DATA SEGMENT section start

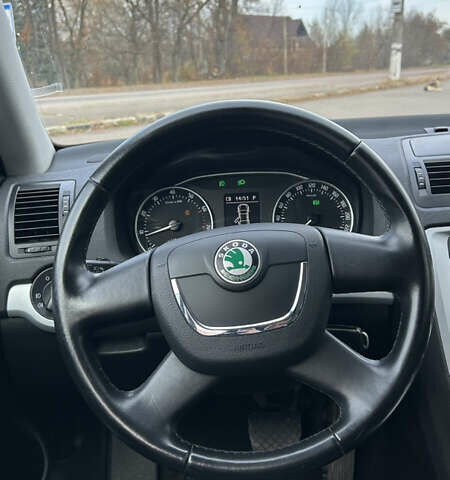 Серый Шкода Октавия, объемом двигателя 1.2 л и пробегом 209 тыс. км за 6200 $, фото 24 на Automoto.ua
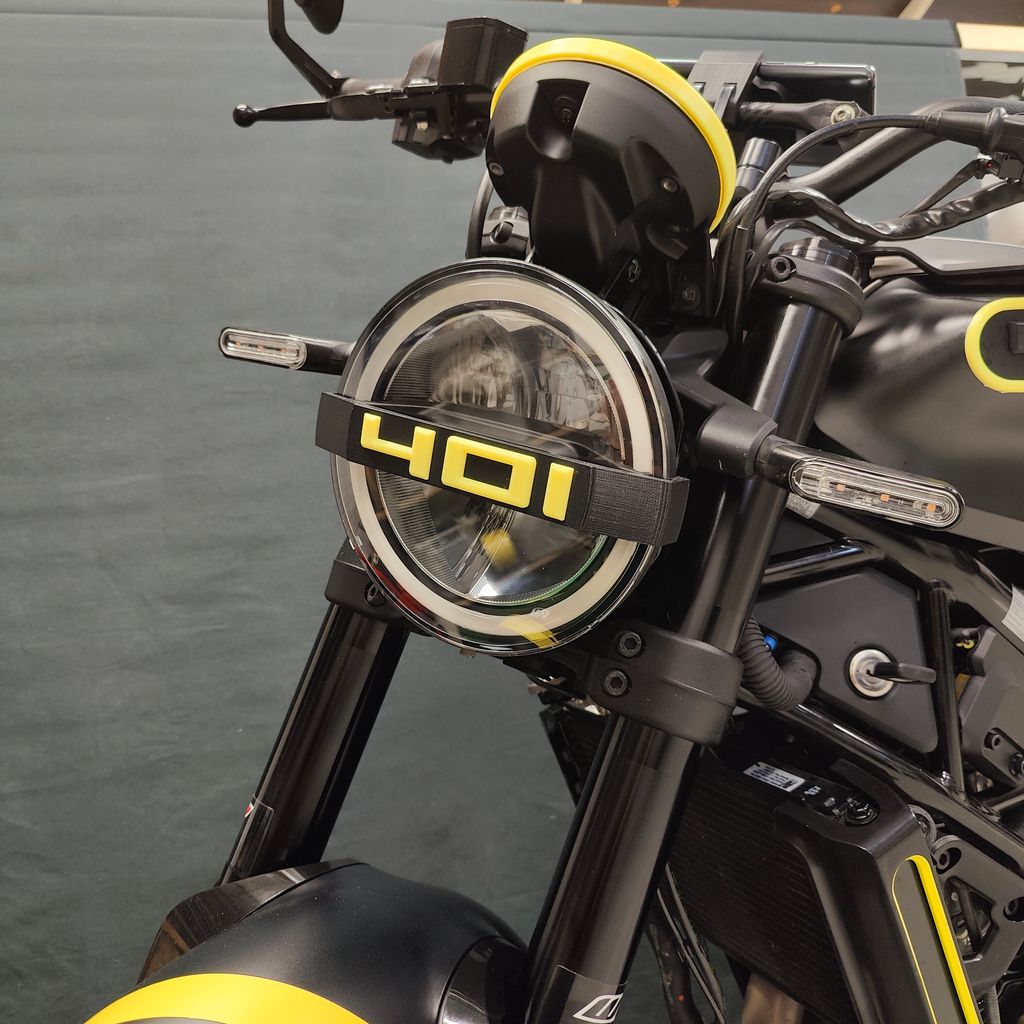 Husqvarna Svartpilen 401 Far Süsü görsel 3
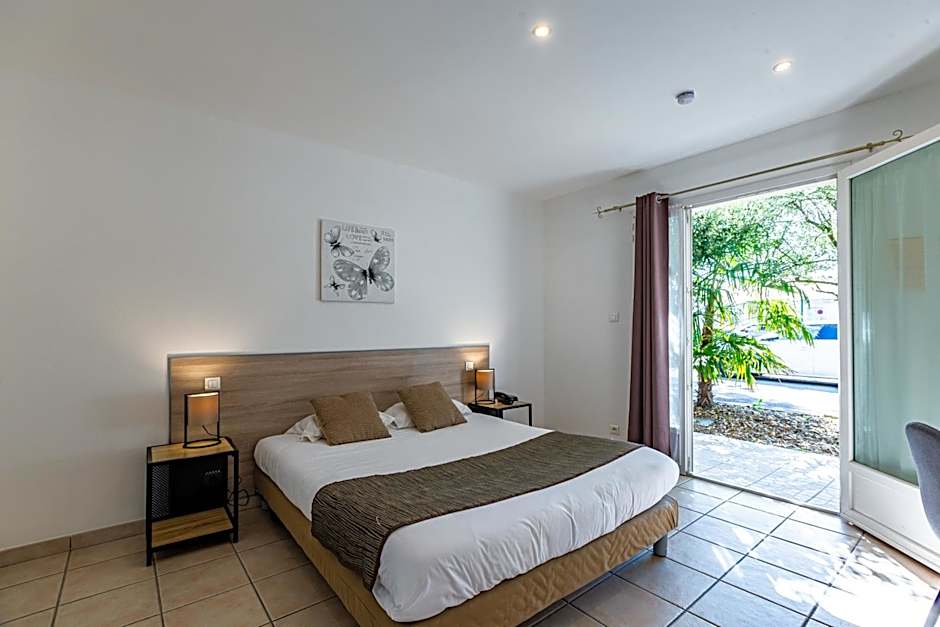 Logis Hôtel L'Oliveraie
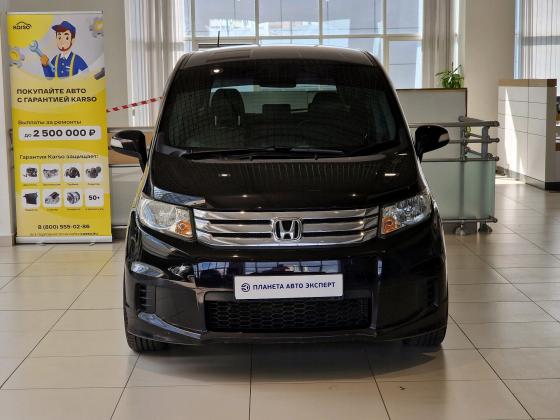 Honda Freed Spike Spike 1.5 CVT (118 л.с.) 2012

DATA SEGMENT section end

Only the lines from the one containing "Logis Hôtel L'Oliveraie" through the final line of the listing should be reproduced, exactly and with no pictures.

 Logis Hôtel L'Oliveraie
 Honda Freed Spike Spike 1.5 CVT (118 л.с.) 2012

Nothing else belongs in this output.